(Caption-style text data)
=== Section Start ===

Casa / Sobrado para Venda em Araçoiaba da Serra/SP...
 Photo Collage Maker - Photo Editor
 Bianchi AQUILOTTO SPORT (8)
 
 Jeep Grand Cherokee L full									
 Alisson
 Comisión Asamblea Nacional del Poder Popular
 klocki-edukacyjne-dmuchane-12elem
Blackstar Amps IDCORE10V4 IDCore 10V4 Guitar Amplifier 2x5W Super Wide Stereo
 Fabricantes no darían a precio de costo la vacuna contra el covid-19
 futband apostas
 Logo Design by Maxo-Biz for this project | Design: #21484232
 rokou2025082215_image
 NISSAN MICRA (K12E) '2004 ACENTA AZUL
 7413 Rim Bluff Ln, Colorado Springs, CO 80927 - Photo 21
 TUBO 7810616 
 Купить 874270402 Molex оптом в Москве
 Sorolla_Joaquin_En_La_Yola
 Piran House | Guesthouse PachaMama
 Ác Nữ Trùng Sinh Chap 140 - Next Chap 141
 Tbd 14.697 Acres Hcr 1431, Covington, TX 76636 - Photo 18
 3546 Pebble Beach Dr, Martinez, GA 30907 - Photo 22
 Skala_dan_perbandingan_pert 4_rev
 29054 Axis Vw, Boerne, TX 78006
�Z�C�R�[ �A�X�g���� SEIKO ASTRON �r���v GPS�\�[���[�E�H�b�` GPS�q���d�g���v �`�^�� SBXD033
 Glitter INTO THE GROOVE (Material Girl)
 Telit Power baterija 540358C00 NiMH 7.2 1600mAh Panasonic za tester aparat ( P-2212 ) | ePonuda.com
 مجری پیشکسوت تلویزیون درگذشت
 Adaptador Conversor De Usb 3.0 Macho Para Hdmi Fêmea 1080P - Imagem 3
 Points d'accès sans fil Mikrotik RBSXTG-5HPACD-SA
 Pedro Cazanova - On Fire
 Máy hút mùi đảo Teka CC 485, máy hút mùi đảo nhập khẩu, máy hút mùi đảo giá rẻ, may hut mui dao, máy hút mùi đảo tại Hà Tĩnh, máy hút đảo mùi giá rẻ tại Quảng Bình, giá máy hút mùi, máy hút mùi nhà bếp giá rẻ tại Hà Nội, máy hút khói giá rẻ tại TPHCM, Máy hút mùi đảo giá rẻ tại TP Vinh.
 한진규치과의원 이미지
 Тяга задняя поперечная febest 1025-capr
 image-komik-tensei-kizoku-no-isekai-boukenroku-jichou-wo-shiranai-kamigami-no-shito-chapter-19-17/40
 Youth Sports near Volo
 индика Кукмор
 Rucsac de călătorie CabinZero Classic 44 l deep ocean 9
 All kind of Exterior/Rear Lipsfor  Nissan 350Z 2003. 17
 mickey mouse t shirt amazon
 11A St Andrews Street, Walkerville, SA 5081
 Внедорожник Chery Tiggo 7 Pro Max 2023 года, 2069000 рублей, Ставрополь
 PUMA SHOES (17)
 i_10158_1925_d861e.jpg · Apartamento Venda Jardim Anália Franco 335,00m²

=== Section End ===

Lines in the data that include the word "Photo" should all be copied.

SOLVED EXERCISE.
 Photo Collage Maker - Photo Editor
 7413 Rim Bluff Ln, Colorado Springs, CO 80927 - Photo 21
 Tbd 14.697 Acres Hcr 1431, Covington, TX 76636 - Photo 18
 3546 Pebble Beach Dr, Martinez, GA 30907 - Photo 22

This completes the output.